Gaining entry into the festival was surprisingly hassle-free and in spite of VIP presence, the participants and visitors did not feel restricted in any way.
The Festival was inaugurated today by the Chief Minister of Delhi, Smt. Sheila Dikshit, who opened the festival by flying the first kite of the event. After the Chief Minister's opening note, Shayar Mirza Asif enlightened the crowd with some interesting history and patang-related shayari in his speech titled "Dastan-e-Patang". And after that, the band Soul Samvaad performed Mausiki-e-Patang to a very excited and supportive crowd that swayed to the tunes of their Patang Song. The sound system was not the best though and could've been better.
"Jab bhi hawa ke rukh se jo hat gayi patang.
Ya to giri zameen par, ya kat gayi patang."
The Pavilion displayed some interesting designs from Delhi, Rampur, and Jodhpur. Most of the designs displayed there are not actually sold during 15 August Kite Frenzy but are reserved for festivals. There were several kites with traditional Rajasthani prints in the Jodhpur stall. Femira, who was manning the Jodhpur Stall, shed some lights on those. "10 se 20 rupaiye tak mein bikti hain yeh Jodhpur mein." That sounded really inexpensive. If those kites were sold in Delhi, they would cost at least 50 each. I hope many more States and regions join the festival from the next time. It'll be nice to see kites from across India flying in the Delhi skies.

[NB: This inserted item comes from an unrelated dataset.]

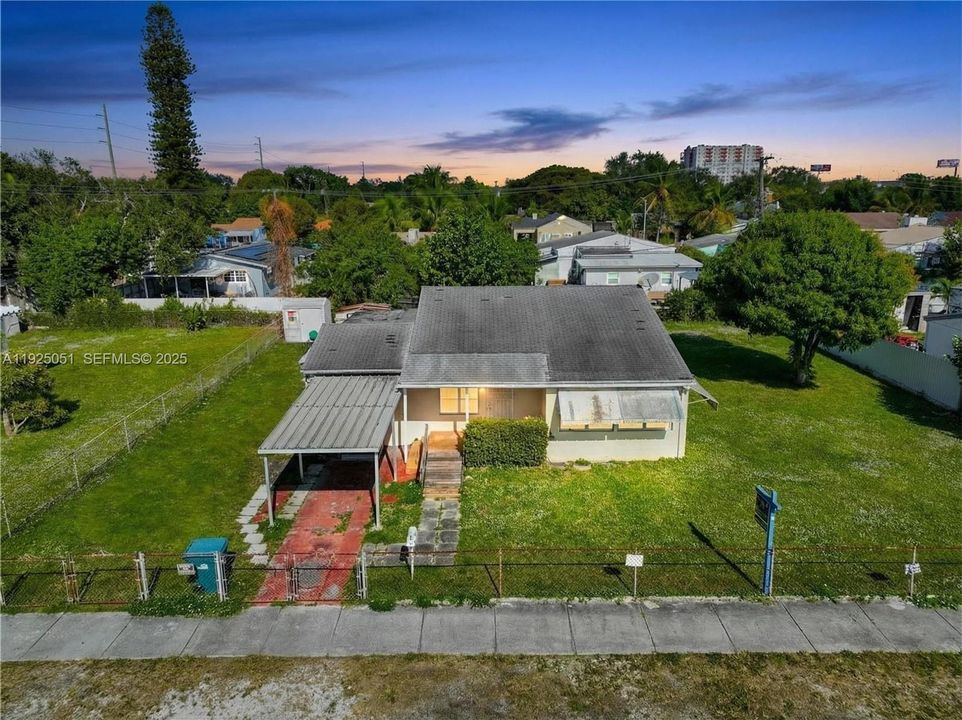 待售: $399,000 (2 贝兹, 1 浴室, 1374 平方英尺)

Anyways, moving on, I spotted the Delhi Tourism Stall. They were giving out pamphlets related to tourist spots in Delhi, Maps, and Posters, all free of cost. Mr. Brij Mohan and Mr. Anil Gupta who were managing the stall were polite and eager to offer information about the stall and the festival. I felt that the stall could sell some merchandise such as fridge magnets, pens, post cards, stamps, mugs, and T-shirts etc. They would have found some buyers for sure.
The festivities had started by now and patangbaazs were struggling to get their kites to take off. Kite fliers were there alone, with friends, or with their families. It was a bit congested and a bit more space for each flier would've been useful. There were several people like me who were there as spectators. Meanwhile expert kite fliers designated by Delhi Tourism held on to 150 kites each and steered them easily according to the direction of the wind. These kites were really heavy and when I tried holding one, the string almost managed to lift me from the ground and that is by no means an easy task. Mohammad Sufran, one of the kite flier who was holding and steering these kites told me "Sabse oopar waali kite ko hawa ke hisaab se sambhaalna padta hai" when I asked him whether he could tie the string somewhere and give his arms a rest. "Humein to yeh pakad ke hi khada hona padega." Commendable!Kites were also being sold at the venue and if you were tempted to fly one yourself, you could purchase kites of all sizes and participate.
By this time, the food stalls by R. K. Caterers were also open. The quintessential Gol-Gappes, Aloo-Tikkis, Pav-Bhajis, Chowmein, Papdi-Chaats were all being sold at prices almost at par with the rest of the market. The stalls looked clean and hygienic.
I came back during lunch though there were many more things planned for the day such as a magic show, a kite-cutting competition, a mini Dilli Haat, and some cultural programmes.
Delhi Tourism promises to have this festival annually along with many other new initiatives. I feel that this is a good move. Such activities will not only rejuvenate our fading traditions but will also help in encouraging tourists to visit Delhi. To the slogan "Delhi raises its spirit with kite flying", I can only say "Amen!"
The festival is not over yet. You can still be a part of it tomorrow from 11 – 8. Hopefully, your experience will be as exhilarating as mine.